- _WHAT IS REQUIRED_
After locating the line that holds "2024 Calendar Tea", copy that line and all that follow it word for word through the end of the data, with no pictures.
++++ STUDY MATERIAL
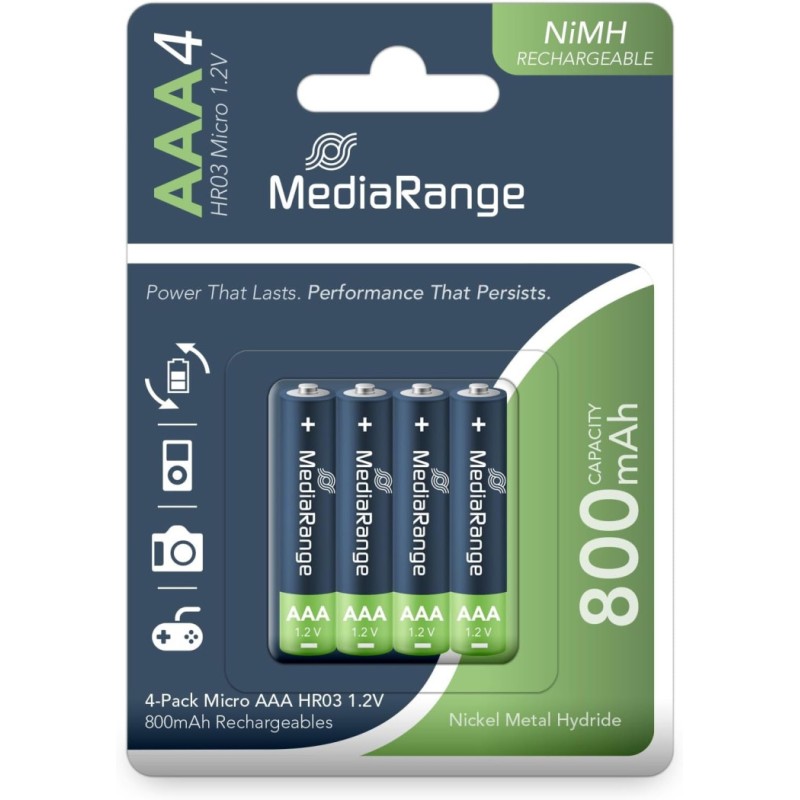 Baterija MediaRange LR03 AAA, 1,5V, polnilna, 1/4, alkalna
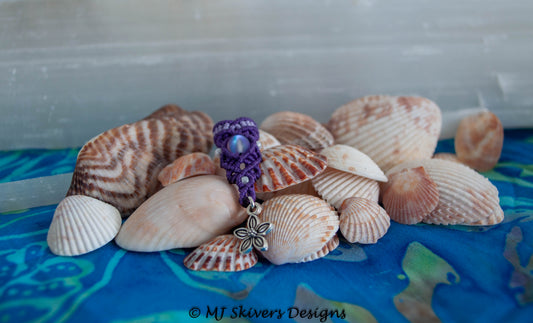 Macrame Dreadlock Bead - Two-tone Purple with Mermaid Glass Bead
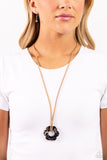 Tied Triumph - Black Necklace - Paparazzi Accessories Necklace Bedazzle Me Pretty Mobile Fashion Boutique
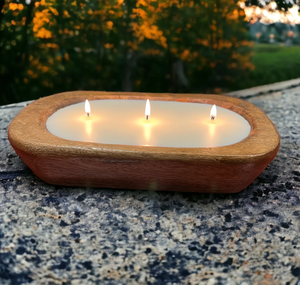 Bougie en bois bol à pâte rustique décoratif bols à pâte en bois sculpté à la main bols décoratifs de table - Product Image 1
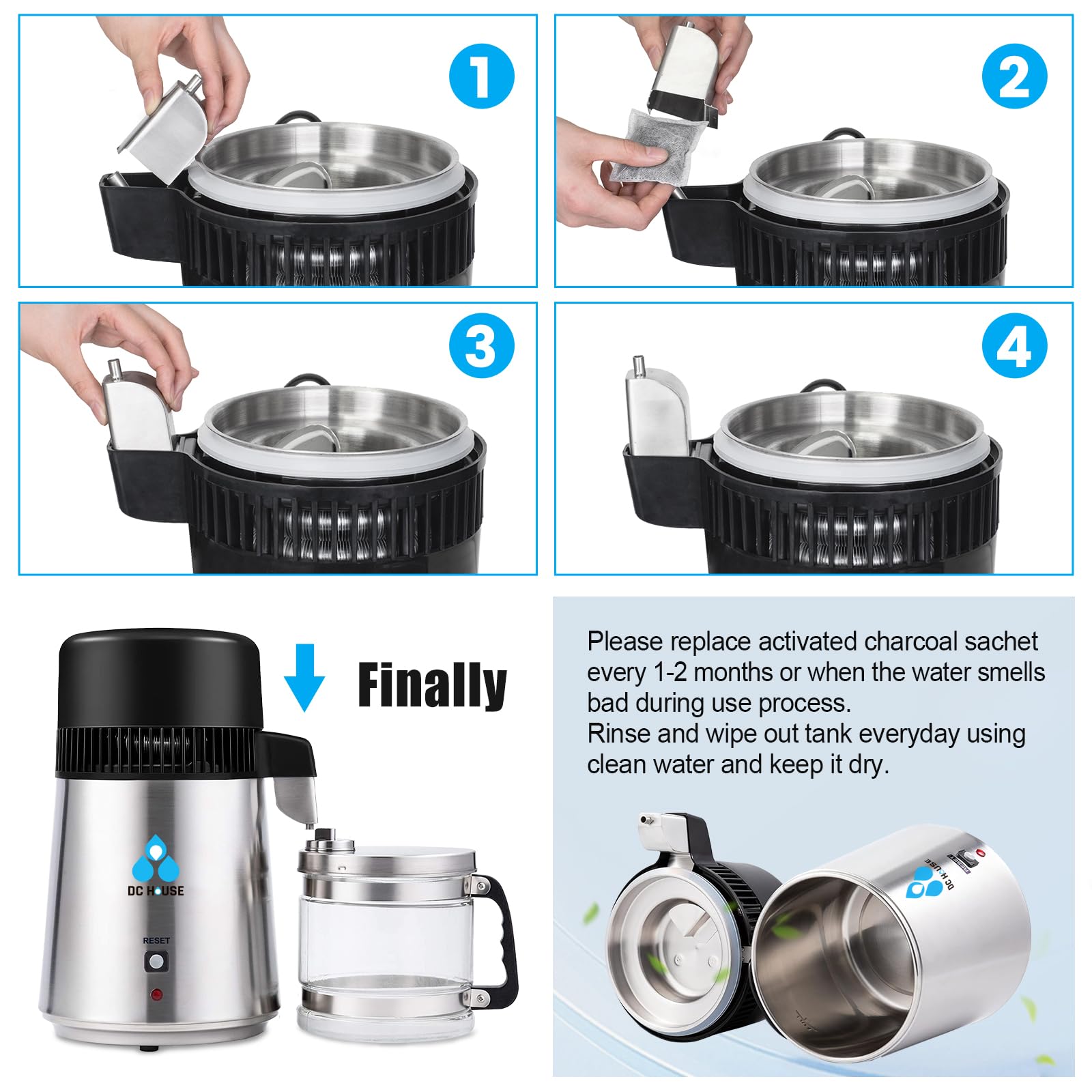 DC House distiller pour spout with glass carafe shows water flow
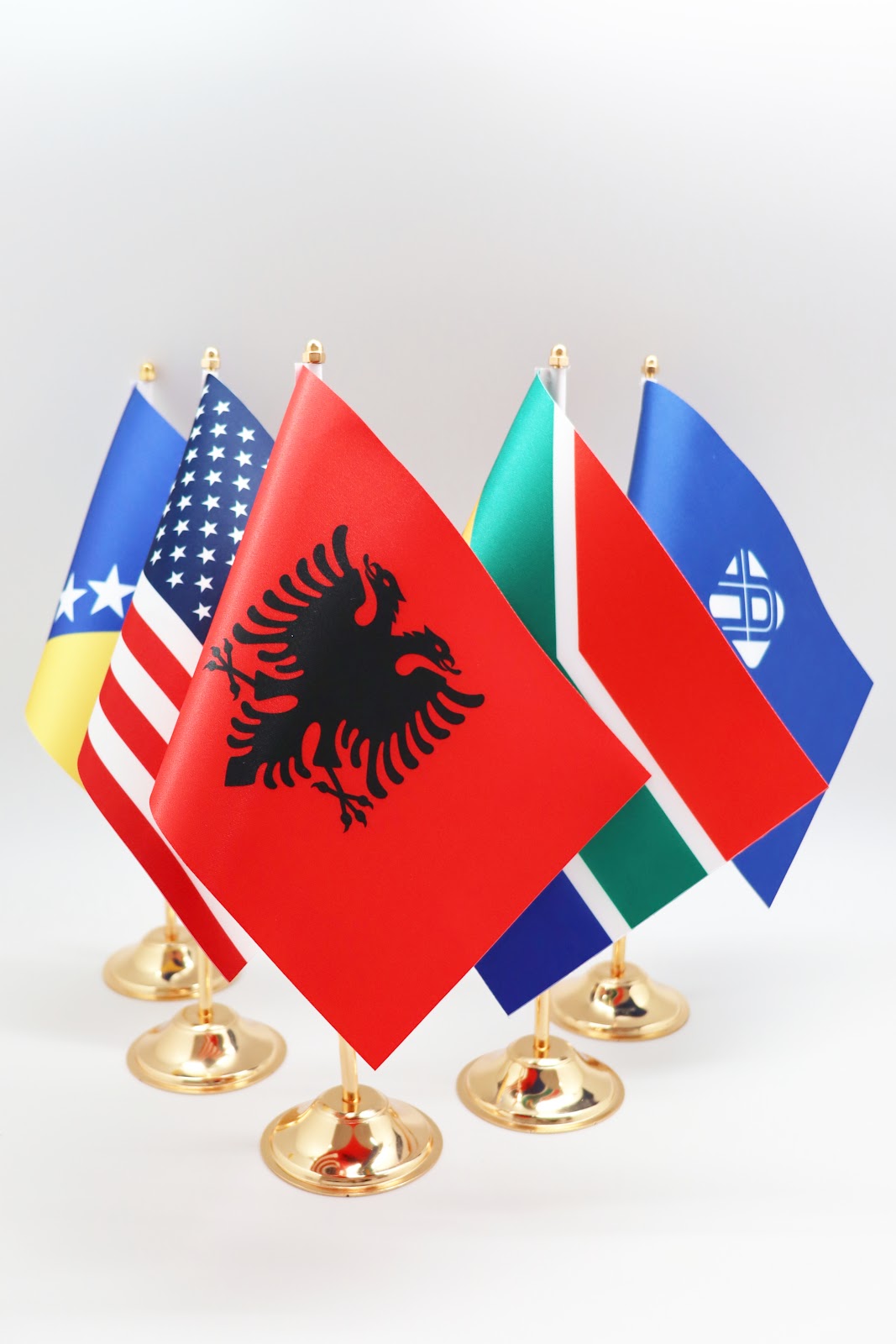 Gold Desk Flag Detail - Full Assembly View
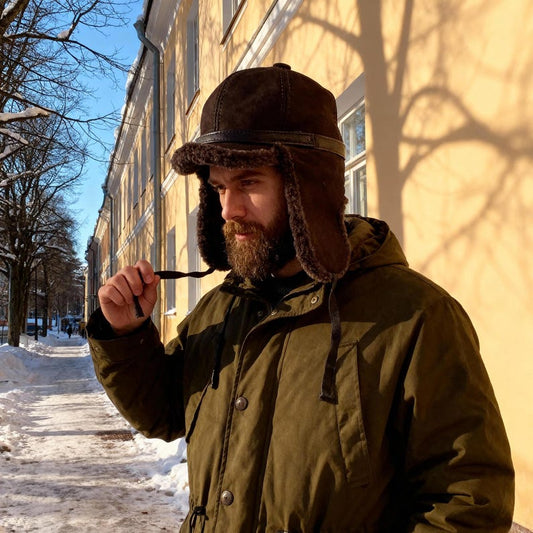 Handmade Leather Trapper Hat Faux Fur Lined Winter Hat fur trapper hat Russian hat Holiday gifts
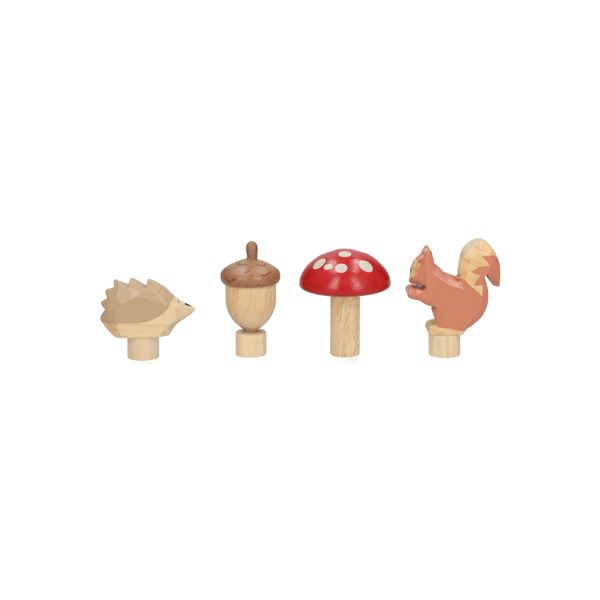 Stekers voor jaarring, hout, herfst, set van 4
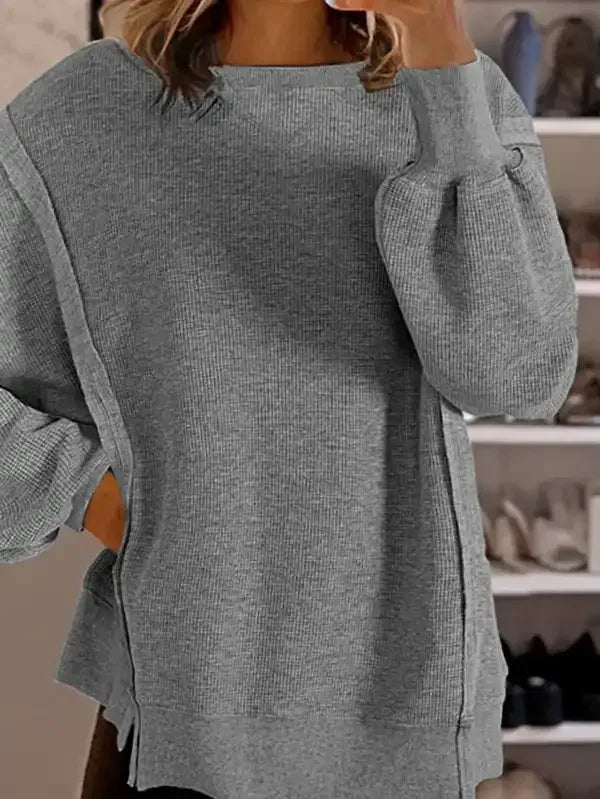 Cotton Waffle Bishop Split Oversized Pullover - Whatever You Like Shop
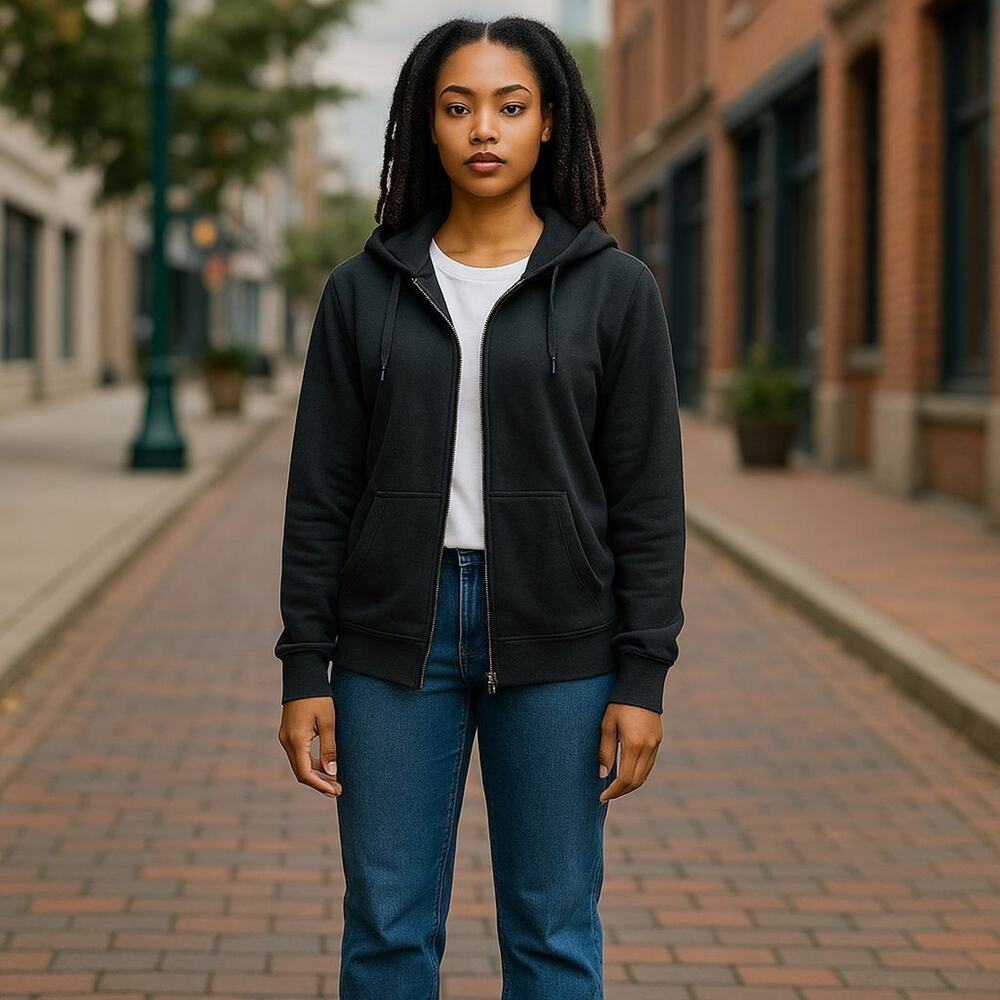 Aurique Women's Full‎ zip up hoodie Size Large Black New with Tags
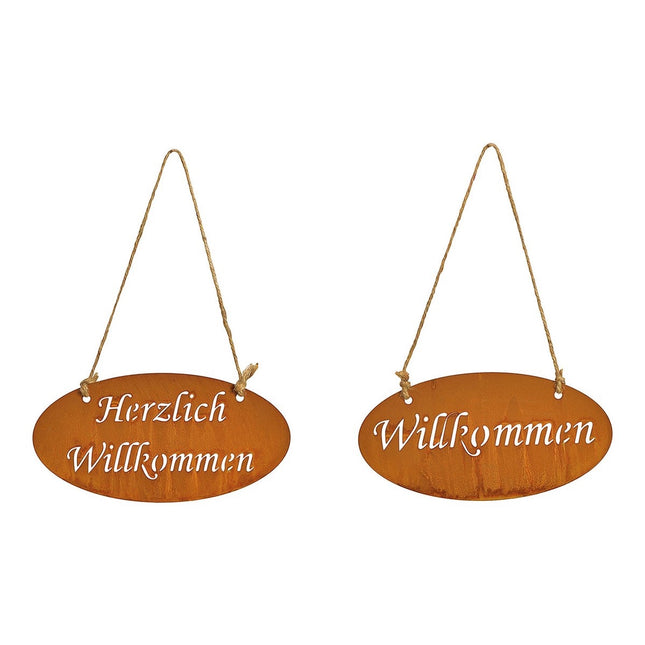 Hänger "Herzlich Willkommen" rostiges Finish aus Metall, ver. Varianten Braun (B/H) 20x10cm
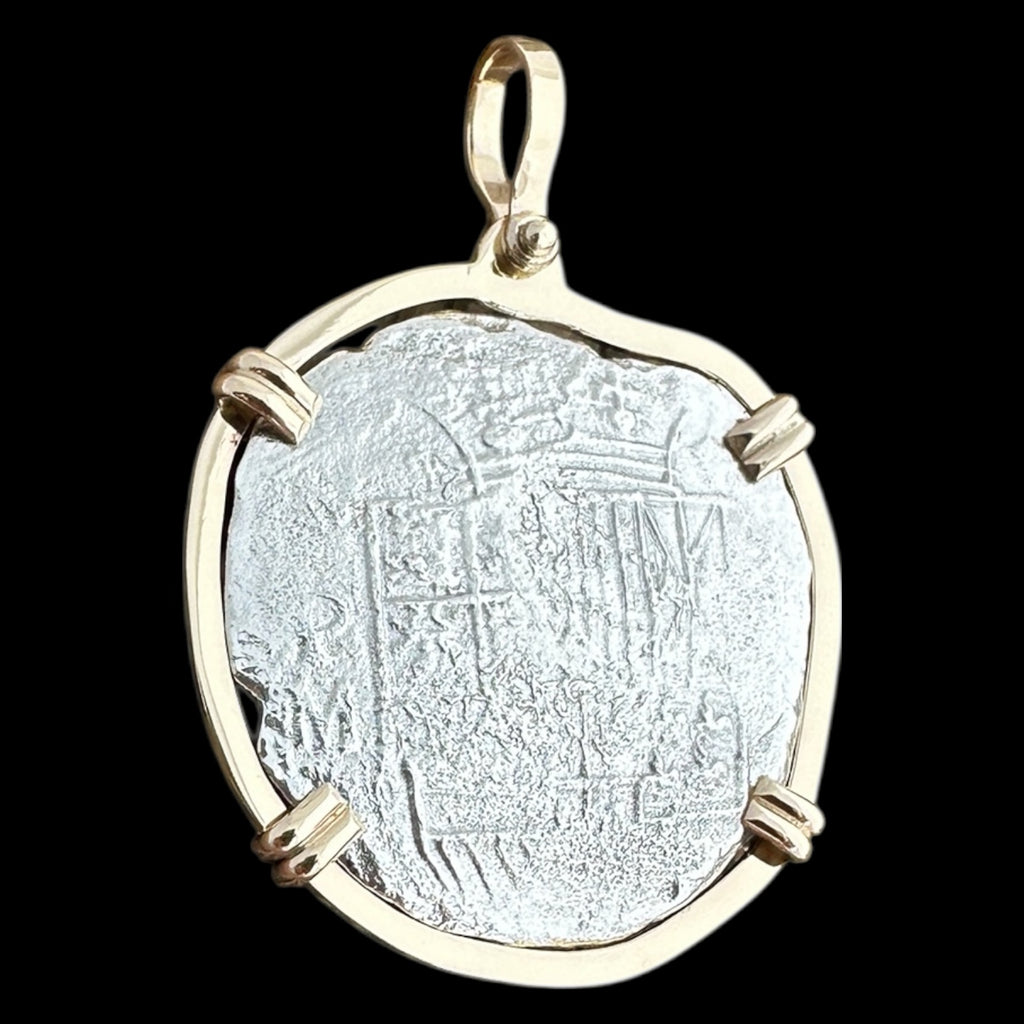 Atocha Shipwreck Coin Pendant in 14K Gold, Grade 3, 8 Reales  #85A-140517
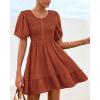 imageBTFBM Spring Empire Waist Dress for Women 2025 Summer Smocked Crewneck Puff Short Sleeve Beach Vacation Mini DressesBrick Red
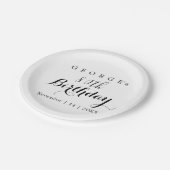 Assiettes En Carton Typographie minimaliste Design d'anniversaire (Angle)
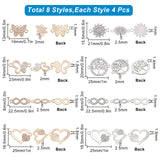 32Pcs 8 Styles Alloy Crystal Rhinestone Connector Charms, Mix-shaped, Mixed Color, 13~22.5x8~25x1~3mm, Hole: 1~1.8mm, 4pcs/style
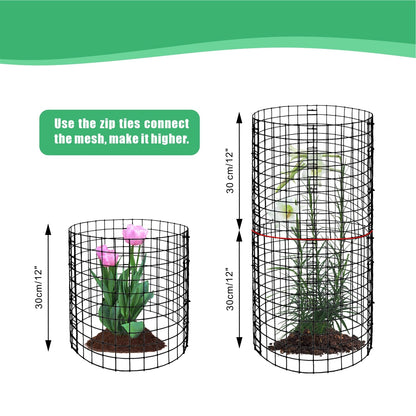 Eunika 18 Pcs Round Plant Protector from Animals, 6 Pack 12" x 12" Metal Mesh to Keep Animals Out Wire Plant Protectors for Rabbits Chicken Bunny Barricades for Garden Vegetable Flowers Protection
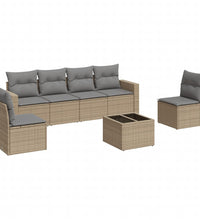 7-tlg. Garten-Sofagarnitur mit Kissen Beige Poly Rattan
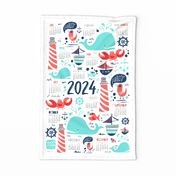 2024 Calendar Tea Towel - Ahoy Matey Nautical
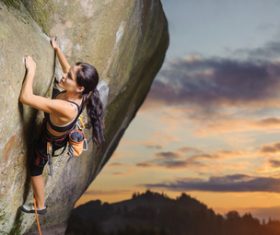 Woman who loves outdoor climbing Stock Photo 06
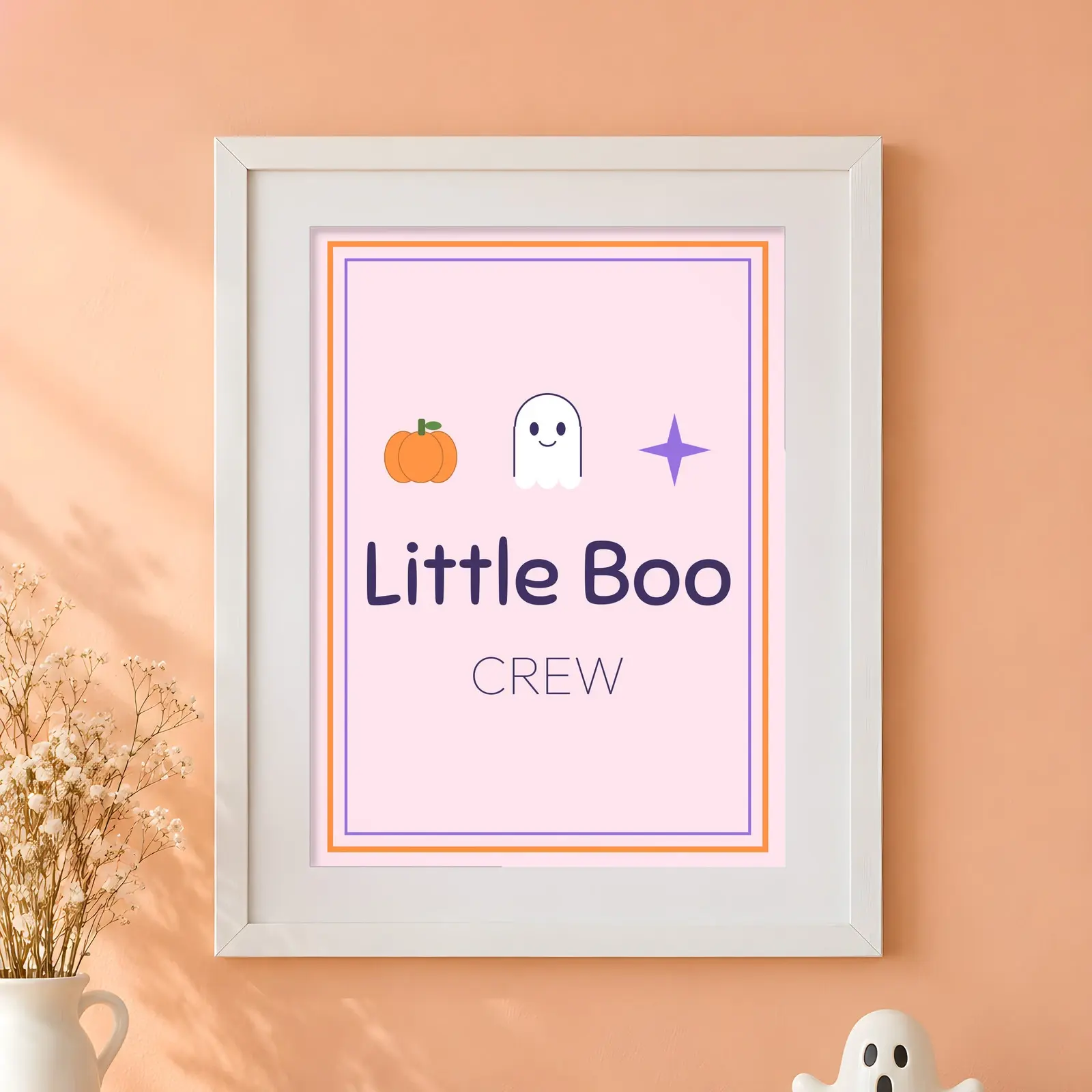 Kids Halloween Room Gallery Framed Print Mockup - 3 Spooky Cute Scenes, JPG + Transparent PNG preview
++++++++
- _RESULT OF THIS TASK_
 2024 Calendar Tea Towel - Ahoy Matey Nautical
 Woman who loves outdoor climbing Stock Photo 06
 Kids Halloween Room Gallery Framed Print Mockup - 3 Spooky Cute Scenes, JPG + Transparent PNG preview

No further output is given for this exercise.